My class inherits from multiple bases, one of which is std::enable_shared_from_this. Must it be the first base?

Suppose the following example code:

struct A { ~A(); };
struct B { ~B(); };
struct C : A, B, std::enable_shared_from_this<C> {};

std::make_shared<C>(); 

When ~A() and ~B() run, can I be sure that the storage where C lived is still present?

Answer 1

When ~A() and ~B() run, can I be sure that the storage where C lived is still present?

Of course! It would be hard to use a base class that tries to free its own memory (the memory where it resides). I'm not sure it's even formally legal.

Implementations don't do that: when a shared_ptr<T> is destructed or reset, the reference count (RC) for the shared ownership of T is decremented (atomically); if it reached 0 in the decrement, then destruction/deletion of T is started.

Then the weak-owners-or-T-exists count is decremented (atomically), as T no longer exists: we need to know if we are the last entity standing interested in the control block; if the decrement gave a non zero result, it means some weak_ptr exist that share (could be 1 share, or 100%) ownership of control block, and they are now responsible for the deallocation.

Either way, atomic decrement will at some point end up with a zero value, for the last co-owner.

Here there are no threads, no non-determinism, and obviously the last weak_ptr<T> was destroyed during destruction of C. (The unwritten assumption in your question being that no other weak_ptr<T> was kept.)

Destruction always happen in that exact order. The control block is used for destruction, as no shared_ptr<T> knows (in general) which (potentially non virtual) destructor of (potentially different) most derived class to call. (The control block also knows not to deallocate memory on shared count reaching zero for make_shared.)

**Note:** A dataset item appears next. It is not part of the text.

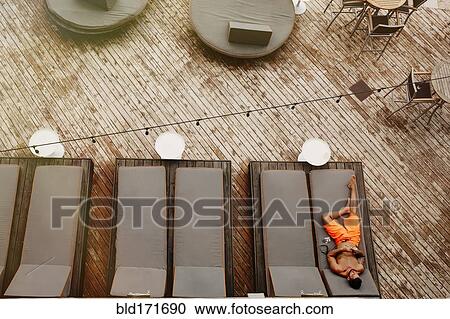 Stock Image - Aerial view of man laying on deck chair. Fotosearch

The only practical variation between implementations seems to be about the fine details of memory fences and avoiding some atomic operations in common cases.

Answer 2

If you create an object c of type C, with bases A, B and a reference counter through inheriting from base enable_shared_from_this<T>, first of all memory is allocated for the whole resulting object, including bases in general and the base enable_shared_from_this<T>. The object will not be destructed until the last owner (a.k.a. the shared_ptr) is relinquishing ownership. At that moment ~enable_shared..., ~B and ~A will be run after ~C. The complete allocated memory is still guaranteed to be there until after the last destructor ~A is run. After ~A is run, the complete object memory is freed in one fell swoop. So to answer your question:

When ~A() and ~B() run, can I be sure that the storage where C lived is still present?

Yes it is, although you cannot legally access it, but why would you need to know? Which problem are you trying to avoid?

Answer 3

When ~A() and ~B() run, can I be sure that the storage where C lived is still present?

No, and the order of the base classes is irrelevant. Even the use (or not) of enable_shared_from_this is irrelevnt.

When a C object is destroyed (however that happens), ~C() will be called before both ~A() and ~B(), as that is the way that base destructors work. If you try to "reconstruct" the C object in either base destructor and access fields in it, those fields will have already been destroyed, so you will get undefined behavior.